Entering and existing borderless mode using JS APIs. On top of the manifest’s
display_override borderless value and user permission, these APIs would enable
manual toggling of the borderless mode. Calling the APIs in JS could look
something like this: window.requestBorderless() and window.exitBorderless()
This could still be considered as an extension on top of the currently planned solution if such features would be considered as useful. Currently there’s no use-case for needing these.
Giving sites partial control of the title bar leaves room for developers to spoof content in what was previously a trusted, UA-controlled region. To mitigate the threat of spoofing, the feature is (at least for now) only targeted to be available for Isolated Web Apps and users will have to opt-in to the feature via a window management permission prompt or via admins’ policies. The title bar can be returned via App settings by revoking the window-management permission.
An existing security feature for installed web apps is an indicator of when a user has left the declared scope of the app. When a user navigates out of scope, a black bar appears between the title bar and the web content, and it includes the following information:
- A close button to allow users to easily navigate back into scope
- A security icon which opens the security info popup when clicked
- The origin and title of the site
- In borderless mode, if a user navigates out-of-scope the web app will revert to standalone display mode (with a standalone title bar). When the user navigates back into scope, the standalone title bar will be removed again and the borderless mode enabled.
Example sketch of an out-of-scope navigation and reverting to standalone title bar with custom tab bar stating the current origin:
- Opening a popup to any other origin → The popup should NOT be in borderless mode (security risk if the following pop-up app would be malicious).
- Opening a popup to itself (same origin) → The popup opens in borderless mode, because the app has already got the permission to run in borderless mode.

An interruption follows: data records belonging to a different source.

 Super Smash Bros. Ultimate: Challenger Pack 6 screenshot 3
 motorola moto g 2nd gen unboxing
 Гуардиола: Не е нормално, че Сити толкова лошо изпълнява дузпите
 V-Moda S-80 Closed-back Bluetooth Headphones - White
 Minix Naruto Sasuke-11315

- Display modes cannot be enabled on embedded pages.
- Non-draggable windows
- Non-closable windows
- Non-implemented windowing controls
IWAs: The main mitigation is that borderless mode will only be available for high-trust environments (IWAs). Web content itself allows the creation of accessible websites. We would expect our trusted partners (which will be the first target group to leverage IWAs) to take advantage of those existing accessibility capabilities to build accessibile apps.

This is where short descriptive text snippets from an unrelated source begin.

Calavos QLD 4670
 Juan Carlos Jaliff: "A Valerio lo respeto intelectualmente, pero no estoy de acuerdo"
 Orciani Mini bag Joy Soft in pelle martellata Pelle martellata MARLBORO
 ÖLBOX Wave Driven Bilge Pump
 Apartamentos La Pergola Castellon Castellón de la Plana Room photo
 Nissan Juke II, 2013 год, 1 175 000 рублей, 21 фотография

Closing: Any malicious borderless app can be closed / uninstalled from by right-clicking the app's icon or another platform-specific place for app settings.
Draggability: This is actually a wanted feature.

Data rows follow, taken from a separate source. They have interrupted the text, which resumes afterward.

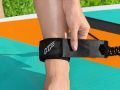 Hydro Force Breeze Panorama SUP board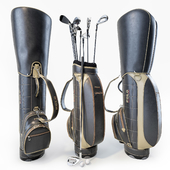 POLO Golf Standard Bag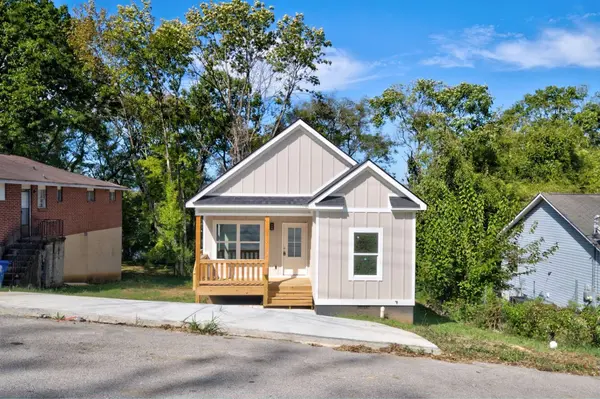 907 Wheeler Ave, Chattanooga, TN 37406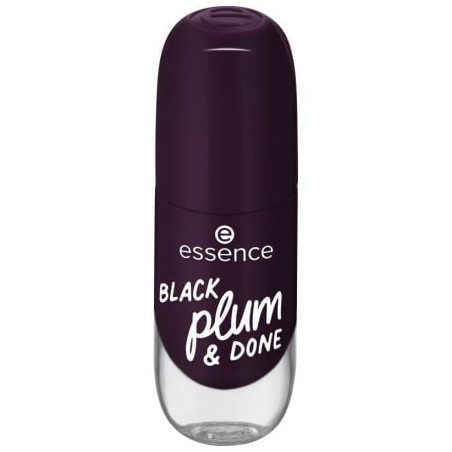 ESSENCE GEL NAIL COLOUR Лак за нокти 84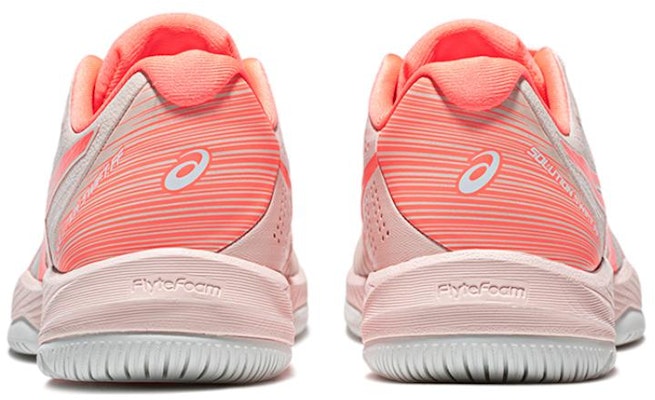 (Women) ASICS Solution Swift FF 'Pearl Pink' 1042A197-701 Shop (Women) ASICS Solution Swift FF 'Pearl Pink' 1042A197-701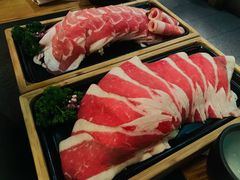 -湊湊火锅·茶憩(恒隆广场店)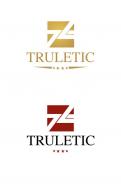 Logo  # 766946 für Truletic. Wort-(Bild)-Logo für Trainingsbekleidung & sportliche Streetwear. Stil: einzigartig, exklusiv, schlicht. Wettbewerb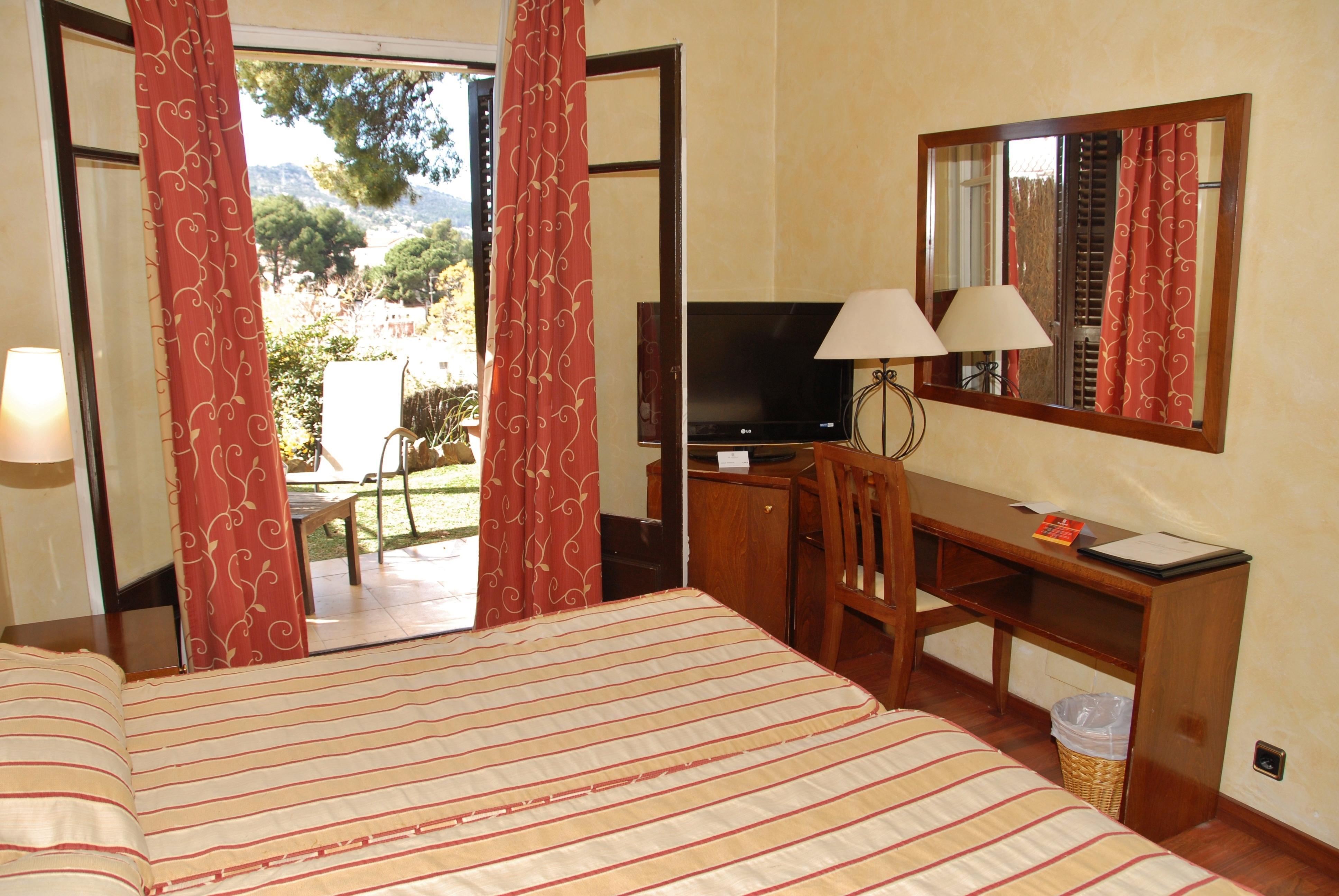 El Castell Hotel Sant Boi de Llobregat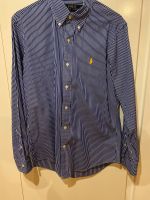 Ralph Lauren Herren Hemd Gr. S Custom Fit Dithmarschen - Schalkholz Vorschau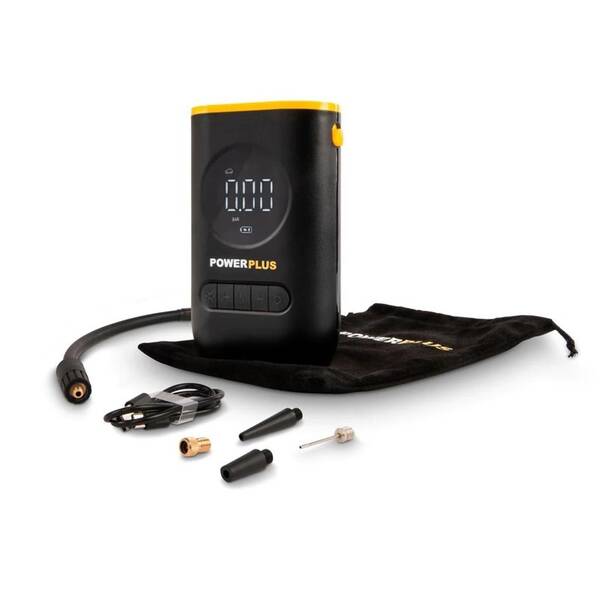 Kompresor POWERPLUS POWX1710 

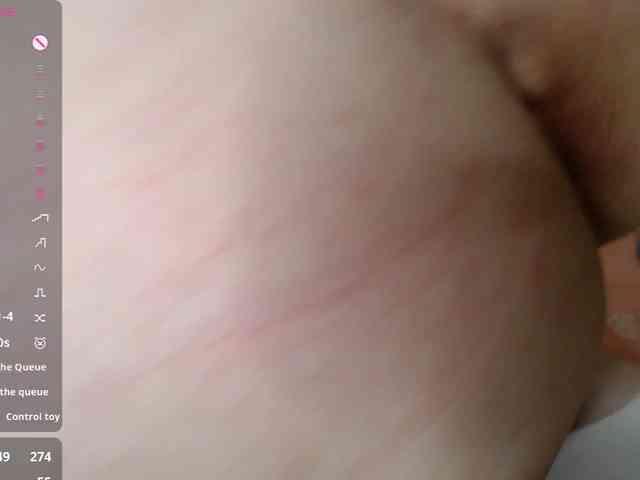 rosestar webcam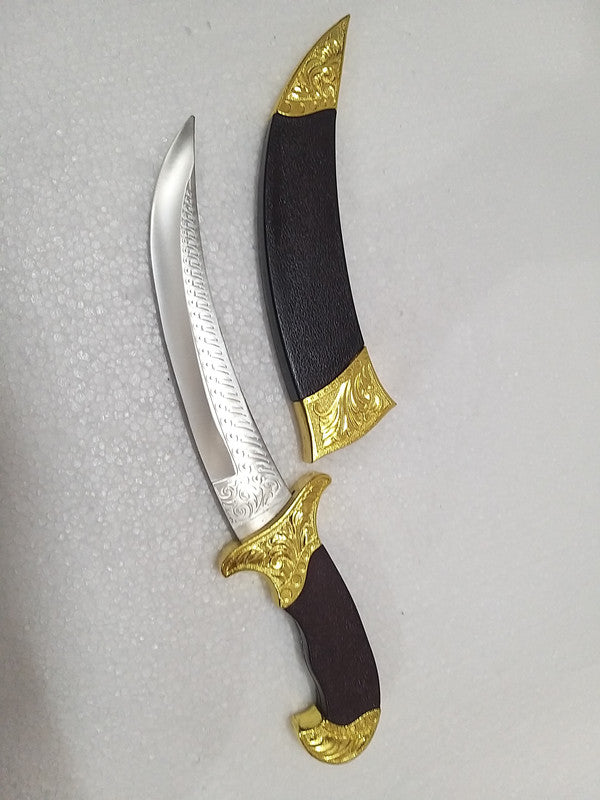 Royal Style KATAR Sword Dagger (2220) – BrassBlessing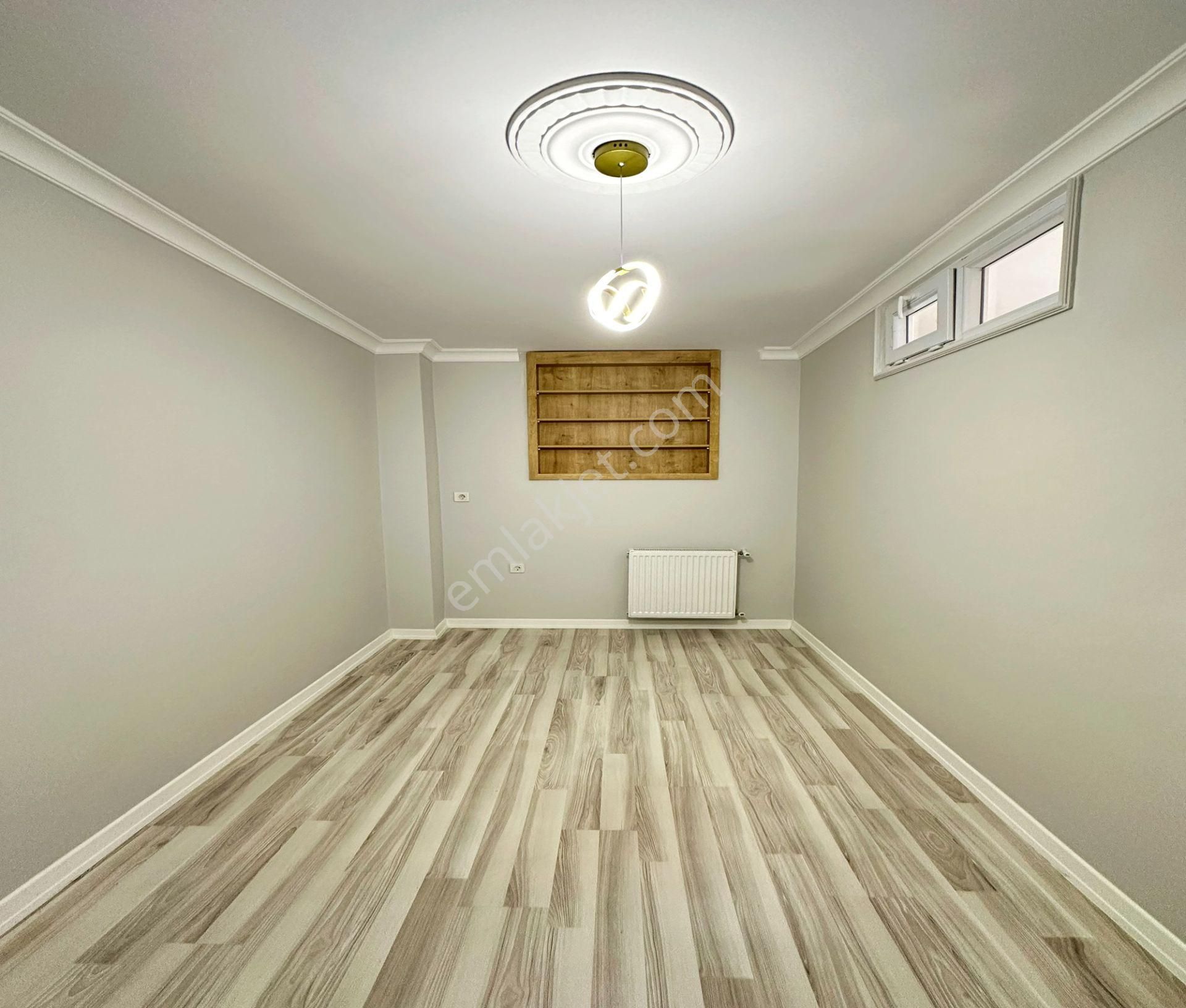 İlk Evim Projesine Özel 2+1 Dekorlu Masrafsız Krediye Uygun Satılık Fırsat Daire - Görsel 12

Related AWC feature, when appropriately used will provide the means for building borderless IWAs, which are as accessible, as the non-borderless counter-parts would be.
Further steps to mitigate the accessibility concerns should be taken, in case borderless mode would be concidered to be used outside of IWAs / when IWAs would become a thing of the open web. Some examples of possible mitigations could be e.g.,
- Limiting borderless mode to a set of appIDs specified by a policy (enterprice-only).
- Relying on malicious apps being blocked from a potential future app store.
- Making it easier to revoke the permission to be able to escape borderless mode more easily. This would then be a platform-specific decision on how this would work.